Qu’elles abordent la périménopause ou la «ménopause bien achevée», les dix-huit écrivaines naviguent entre l’intime et le politique. Alors que plusieurs textes sont empreints de colère et d’indignation, d’autres sont aussi marqués par la violence ou l’humour, la douceur d’un souvenir ou l’amour.

«Dans le discours populaire, la ménopausée répond à des clichés. […] On se moque d’elle, de sa colère, de ses bouffées de chaleur. Dans Au bout de notre sang, tout ça c’est là, mais réutilisé pour proposer une écriture critique», fait remarquer Esther Laforce.

Esther Laforce est romancière et doctorante en études littéraires à l'Université du Québec à Montréal.

«C’est comme si les textes étaient un miroir qui renvoie au public cette image un peu galvaudée de la ménopausée», ajoute également Martine Delvaux.

Malgré la diversité des récits, ils portent cependant tous, chacun à leur manière, la promesse d’une parole libérée, d’une voix qui refuse de se taire.

Parmi ces voix, on retrouve d’ailleurs celles de Mélikah Abdelmoumen, Marie-Ève Sévigny, Pascale Cormier, Anne Peyrouse, Véronique Cyr, Catherine Mavrikakis ou encore Yara El-Ghadban.

<em>Au bout de notre sang</em>, Collectif, 192 pages.

«Le temps des femmes»

Martine Delvaux ne s’en cache pas: en lançant son invitation, elle croyait qu’elle recevrait davantage de textes campés dans le monde médical. Elle a finalement été ravie de voir la pluralité des angles explorés.

«On ne s’en tient pas à la ménopausée. Il y a des jeunes femmes. L’adolescente est souvent convoquée dans les textes. […] On traverse le temps des femmes en fait», constate la populaire autrice féministe à qui l’on doit entre autres Le boys club (2019).

«[Dans la société], on se moque beaucoup des adolescentes comme on se moque beaucoup des ménopausées. Ce sont des ressorts comiques. On ne prend pas beaucoup les adolescentes au sérieux: leurs désirs, leurs passions, leurs affections pour certains artistes, comment elles s’habillent», souligne-t-elle.

Avec la ménopause vient ainsi une sorte de «ras-le-bol» qui se libère. Comme une «écœurantite» des choses qui se sont accumulées en près de 50 ans de vie et qui peuvent enfin s’exprimer sans la pression de devoir être en couple, de faire des enfants, etc.

«Ne plus être là-dedans, ça libère une indignation. […] Les personnes ménopausées sont en colère avec raison. Première des raisons principales? On n’est pas prise en compte médicalement. C’est long avec tout ce qui se découvre, ne se découvre pas; ce qui se dit, ne se dit pas; les médecins qui ne nous prennent pas au sérieux. Ce n’est pas un mythe. C’est la vérité. Il y a de bonnes raisons d’être en criss», énumère rapidement la professeure de littérature à l’UQAM.
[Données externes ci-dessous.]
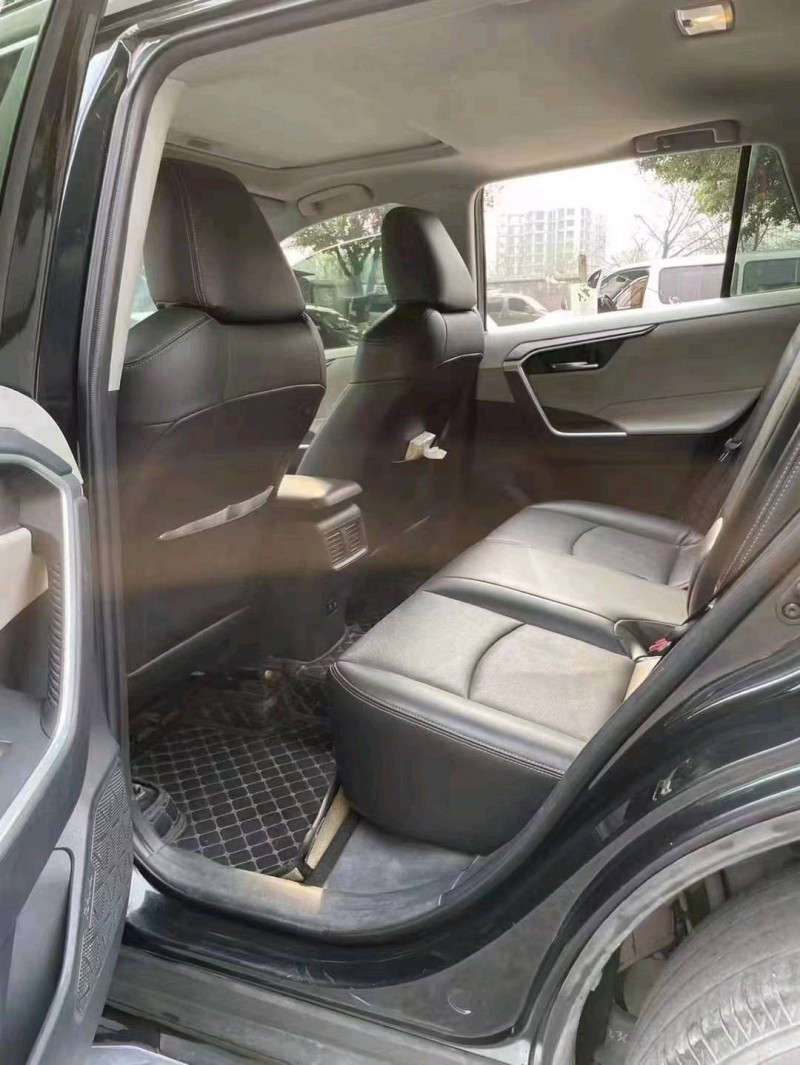 重慶19年豐田RAV4榮放7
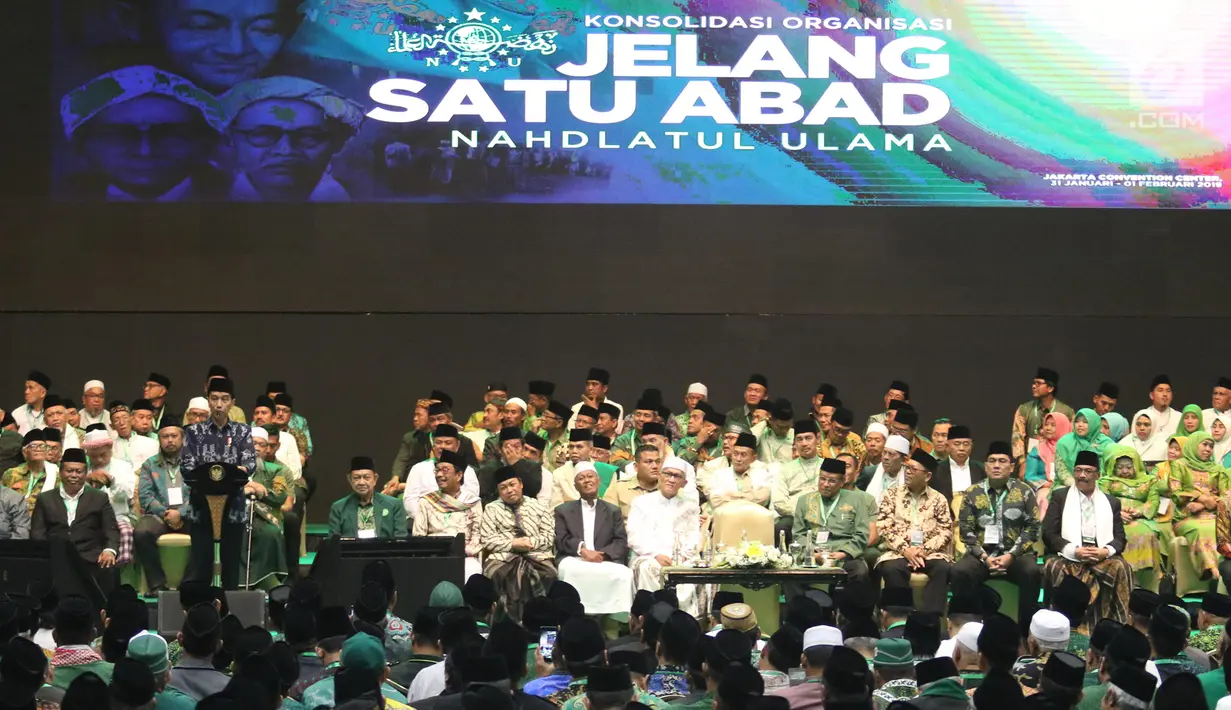 Presiden Joko Widodo atau Jokowi memberi sambutan saat membuka Harlah ke-93 NU di Jakarta, Kamis (31/1). Jokowi mengatakan, RUU Pesantren agar para santri bisa bersaing antarnegara. (Liputan6.com/Angga Yuniar)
Avec Au bout de notre sang, les dix-huit autrices rappellent ainsi la pertinence de la voix des femmes, la validité de leur colère, la légitimité de leur point de vue face au monde dans lequel elles vivent.

«Nous entrons dans la vieillesse, mais nous ne sommes pas mortes. On est là. On n’est pas invisible. On est vivante. On va parler. On va écrire. On continue à être pertinente», rappellent les deux codirectrices d’Au bout de notre sang.

Le recueil Au bout de notre sang est offert en librairie.

Les écrivaines participant au livre : Mélikah Abdelmoumen, Marie Célie Agnant, Anita Anand, Pascale Cormier, Véronique Cyr, Martine Delvaux, Lynda Dion, Yara El-Ghadban, Esther Laforce, Claudia Larochelle, Catherine Mavrikakis, Pénélope McQuade, Pascale Navarro, Virginia Pesemapeo Bordeleau, Anne Peyrouse, Monique Régimbald-Zeiber, Ching Selao, Marie-Ève Sévigny.